*ACTIVITY:* Both ends included, set down the lines from the line containing "7L8K 耐热玻璃功夫茶杯皱菊纹品茶杯杯子茶具套装锤纹复古透明" through the last line of the records below, without pictures.

%%

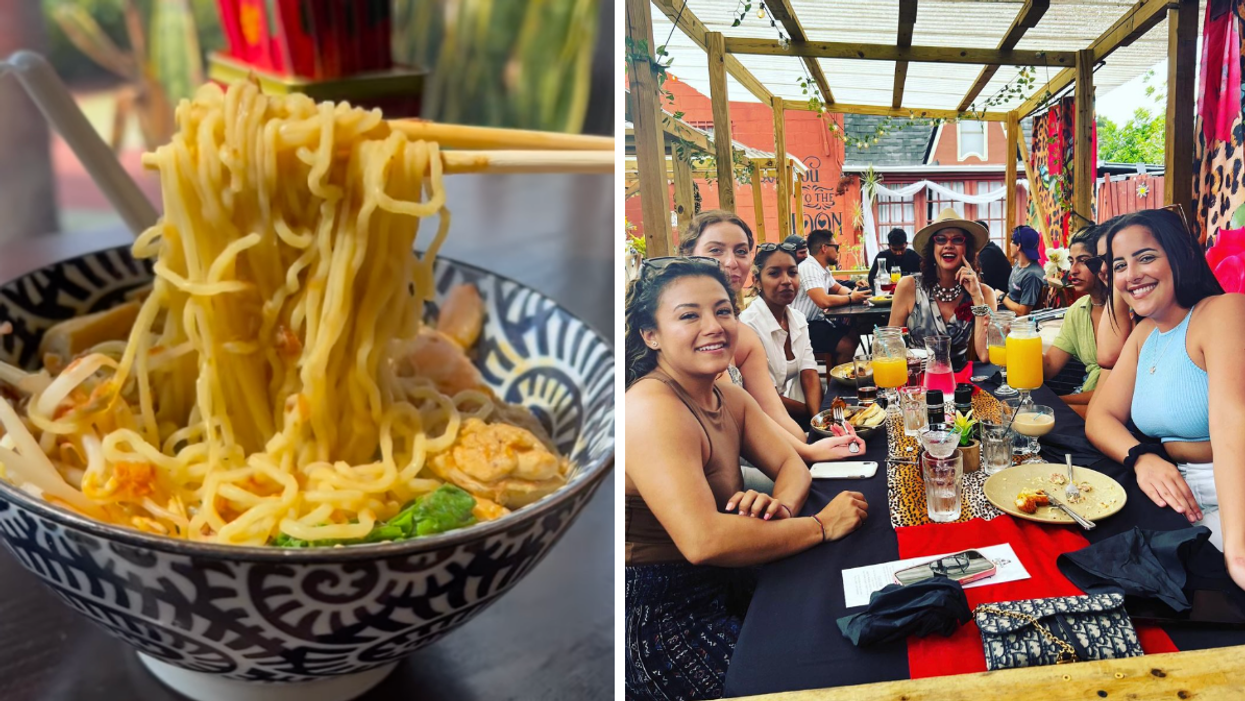 Ramen noodles. Right: A bunch of people at brunch at Maxine's On Shine.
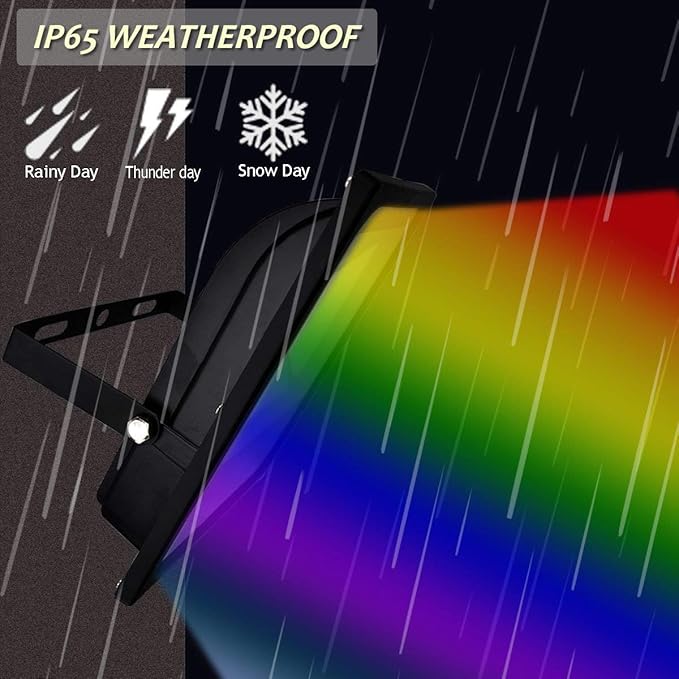 RGB LED Flood Lights, 50W Outdoor Super Bright Spotlight, High Power 16 Colors - Image 3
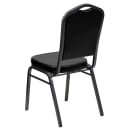MoTak M006 Stackable Banquet Chair - Silver Steel Frame w/ Black Vinyl Back & Seat thumbnail 4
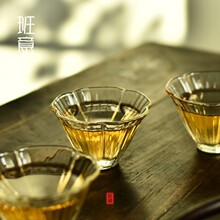 7L8K 耐热玻璃功夫茶杯皱菊纹品茶杯杯子茶具套装锤纹复古透明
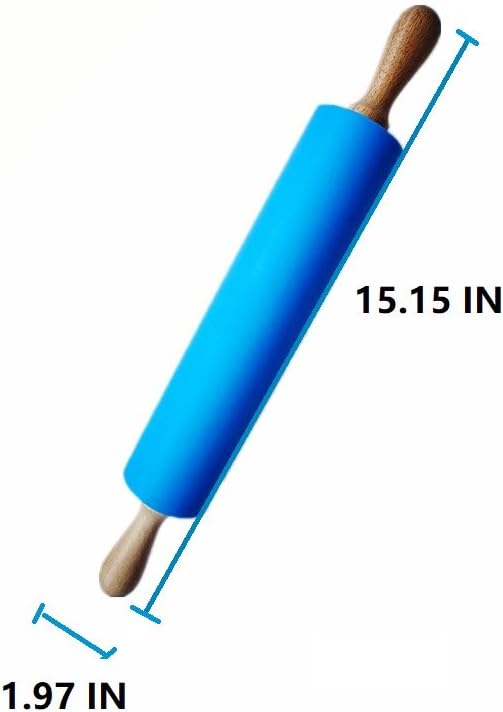 Skiennix Silicone Rolling Pin - Non-Stick Dough Roller with Wooden Handle | Perfect for Baking Pastry, Pizza, and Cookies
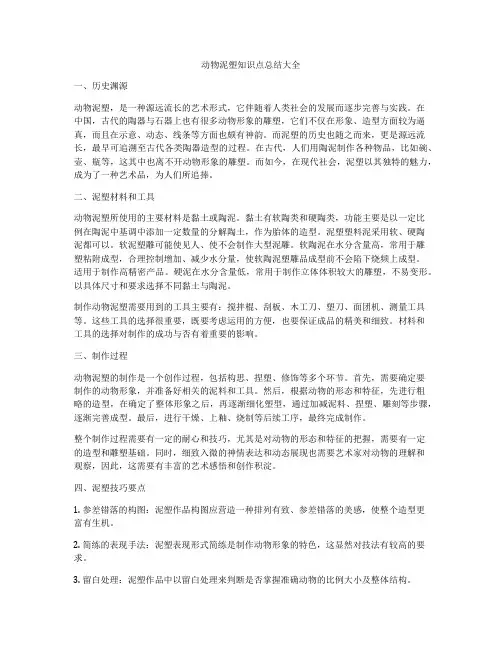 动物泥塑知识点总结大全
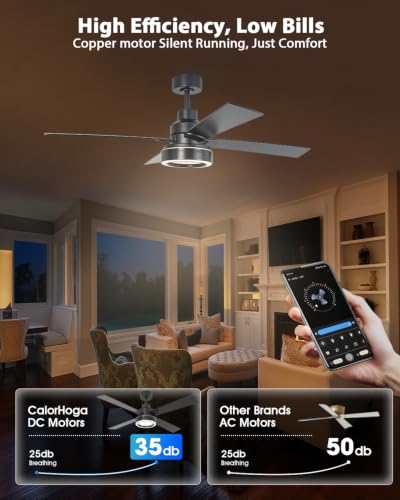 Image of 52 Inch Black Ceiling Fan with Light and Smart Remote Control & App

%%

*ANSWER SECTION:*
 7L8K 耐热玻璃功夫茶杯皱菊纹品茶杯杯子茶具套装锤纹复古透明
 Skiennix Silicone Rolling Pin - Non-Stick Dough Roller with Wooden Handle | Perfect for Baking Pastry, Pizza, and Cookies
 动物泥塑知识点总结大全
 Image of 52 Inch Black Ceiling Fan with Light and Smart Remote Control & App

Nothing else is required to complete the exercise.